Name Type Default Description
crawler Crawler None Pre-configured crawler instance
concurrency int 16 Global concurrent fetches
per_host int 8 Per-host concurrent fetches
respect_robots bool True Honor robots.txt directives
allowed_response_codes set[int] {200} Accepted HTTP status codes
allow_redirects bool True Follow HTTP redirects

Attributes

Name Type Description
seen_urls set[str] URLs already processed (deduplication)
crawler Crawler HTTP crawler instance
allowed_response_codes set[int] Accepted status codes
allow_redirects bool Redirect following enabled

Methods

run

async def run(
    self,
    expression: str,
    max_depth: int,
    progress: bool = False,
    yield_errors: bool = False
) -> AsyncGenerator[Any, None]

Execute a wxpath expression concurrently and yield results.

Parameters:

Name Type Description
expression str wxpath expression to evaluate
max_depth int Maximum crawl depth
progress bool Show tqdm progress bar
yield_errors bool Yield error dicts for failed requests

Yields: Extracted values (HtmlElement, WxStr, dict, etc.)

Example

import asyncio
from wxpath.core.runtime import WXPathEngine
from wxpath.http.client import Crawler

crawler = Crawler(
    concurrency=8,
    per_host=2,
    headers={'User-Agent': 'my-bot/1.0'}
)

engine = WXPathEngine(
    crawler=crawler,
    allowed_response_codes={200, 301, 302}
)

async def main():
    async for item in engine.run("url('https://example.com')//a/@href", max_depth=1):
        print(item)

asyncio.run(main())

HookedEngineBase

Base class providing hook invocation methods.

class HookedEngineBase:
    async def post_fetch_hooks(
        self, body: bytes | str, task: CrawlTask
    ) -> bytes | str | None

    async def post_parse_hooks(
        self, elem: HtmlElement | None, task: CrawlTask
    ) -> HtmlElement | None

    async def post_extract_hooks(
        self, value: Any
    ) -> Any | None

Hook Methods

post_fetch_hooks

Run registered post_fetch hooks over a fetched response body.

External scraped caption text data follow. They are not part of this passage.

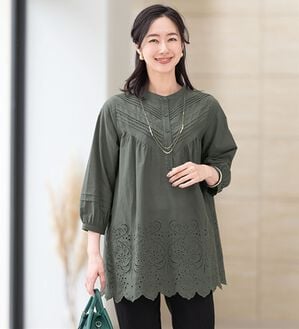 ルフラン（ルフラン）の「スカラップレース使いの美人ブラウス（ブラウス）」｜チャコール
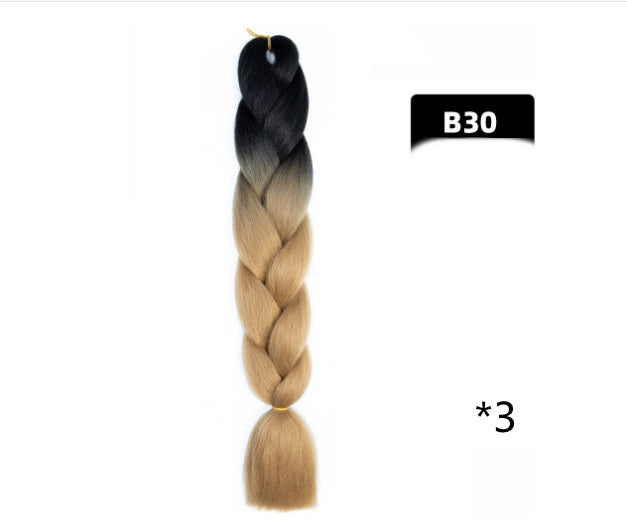Color Big Braid African Chemical Fiber High Temperature Silk Wig Gradient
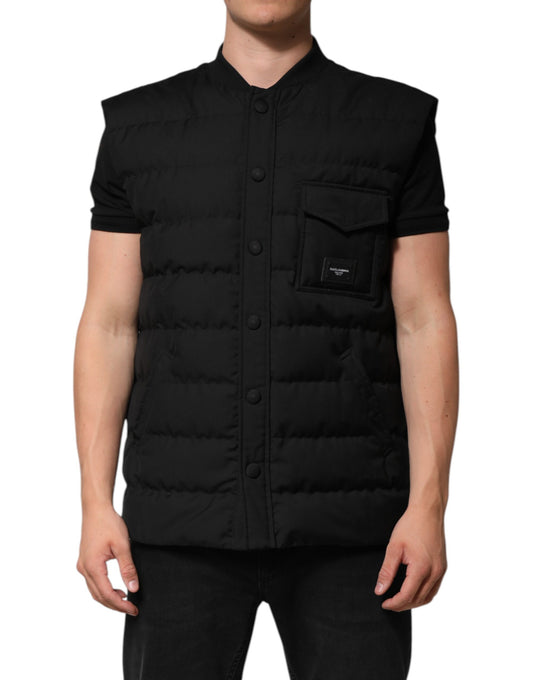 Dolce &amp; Gabbana Black Sleeveless Parka Logo Plaque Jacket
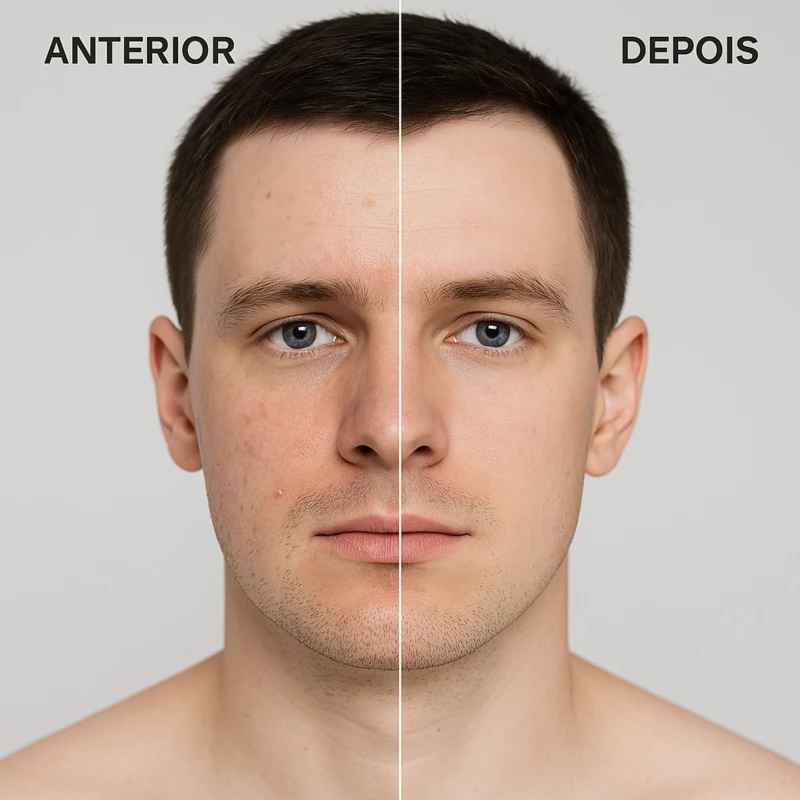 Antes e depois – pele clara com redução da oleosidade e aparência mais uniforme após uso da Máscara Detox Facial Mr Thomas Men Care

Parameters: - body - Raw response body bytes - task - The CrawlTask that produced the response

Returns: Transformed body, or None if dropped

post_parse_hooks

Run registered post_parse hooks on a parsed DOM element.

Parameters: - elem - Parsed lxml element - task - The originating CrawlTask

Returns: Transformed element, or None if dropped

post_extract_hooks

Run registered post_extract hooks on extracted values.

Parameters: - value - The extracted datum

Returns: Transformed value, or None if dropped

Execution Flow

With the above Hooks system, wxpath's execution flow is as follows:

  1. Parse expression into segments
  2. Create seed task with initial URL(s)
  3. Process tasks via BFS queue:
  4. Fetch URL
  5. Run post_fetch hooks
  6. Parse HTML
  7. Run post_parse hooks
  8. Execute remaining segments
  9. Emit intents (crawl, extract, data)
  10. Yield extracted data through post_extract hooks
  11. Continue until queue exhausted or max_depth reached